» **DIRECTIONS FOR THIS TASK**
In the records below, find the line that contains "Oxford, Stratford-upon-Avon &" and the line that contains "Photo of Bedroom in Golf Bahia", then retype exactly those two lines and every line between them.

(Dataset items)
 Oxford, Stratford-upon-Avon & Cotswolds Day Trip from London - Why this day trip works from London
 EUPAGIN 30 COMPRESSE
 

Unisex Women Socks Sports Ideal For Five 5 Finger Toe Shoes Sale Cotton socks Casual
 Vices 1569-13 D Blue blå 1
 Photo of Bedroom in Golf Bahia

---

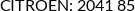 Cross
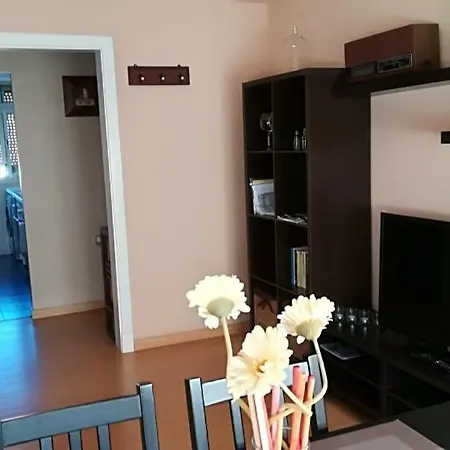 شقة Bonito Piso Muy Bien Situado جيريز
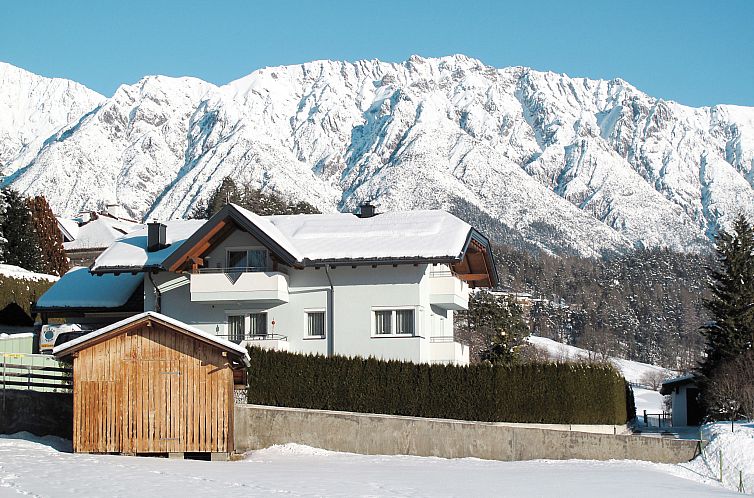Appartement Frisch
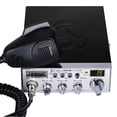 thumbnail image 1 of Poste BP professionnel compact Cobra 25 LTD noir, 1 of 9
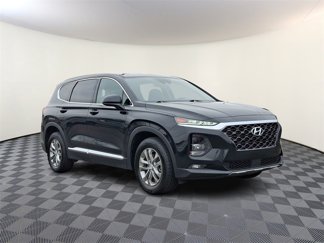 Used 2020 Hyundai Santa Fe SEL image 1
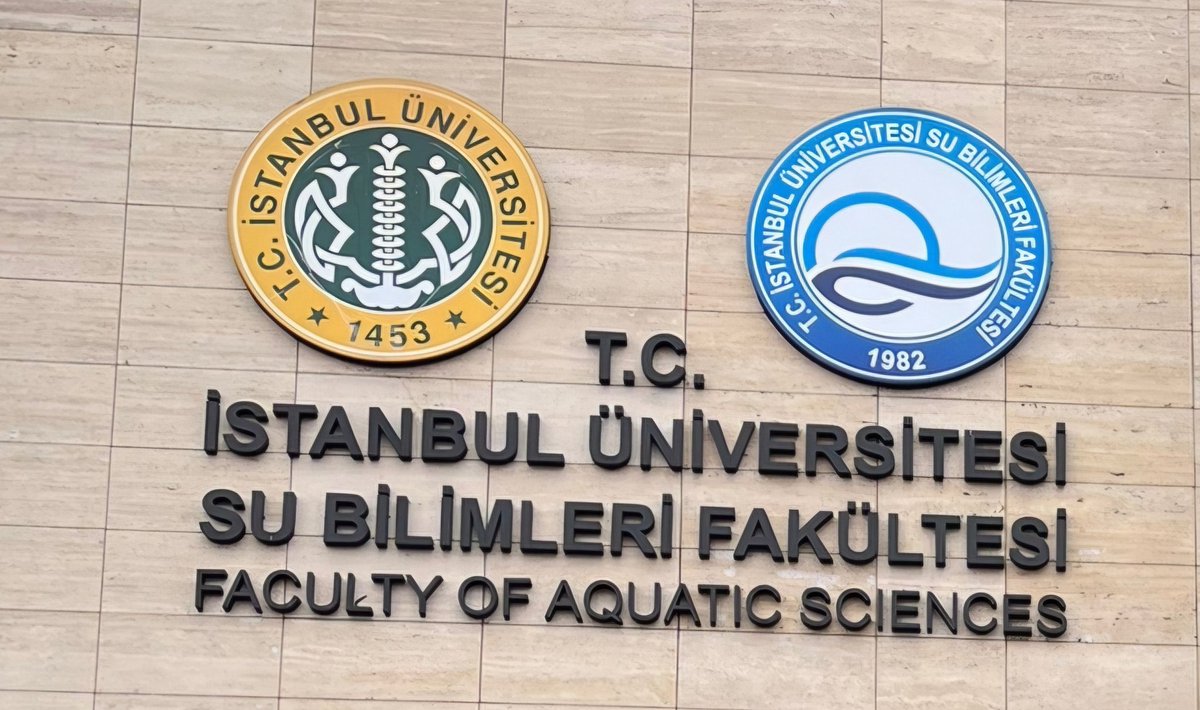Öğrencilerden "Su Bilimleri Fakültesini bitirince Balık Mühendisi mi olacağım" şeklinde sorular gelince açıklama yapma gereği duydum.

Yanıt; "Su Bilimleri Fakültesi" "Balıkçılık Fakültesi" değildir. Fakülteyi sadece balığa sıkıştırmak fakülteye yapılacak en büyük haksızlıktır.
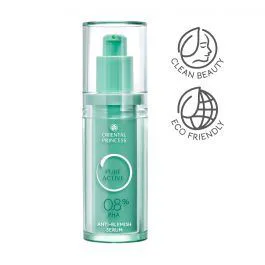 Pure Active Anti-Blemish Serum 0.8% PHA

==

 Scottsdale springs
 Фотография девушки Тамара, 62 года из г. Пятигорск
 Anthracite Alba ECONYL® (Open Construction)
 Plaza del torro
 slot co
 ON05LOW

» **WRITTEN SOLUTION**
 Oxford, Stratford-upon-Avon & Cotswolds Day Trip from London - Why this day trip works from London
 EUPAGIN 30 COMPRESSE
 

Unisex Women Socks Sports Ideal For Five 5 Finger Toe Shoes Sale Cotton socks Casual
 Vices 1569-13 D Blue blå 1
 Photo of Bedroom in Golf Bahia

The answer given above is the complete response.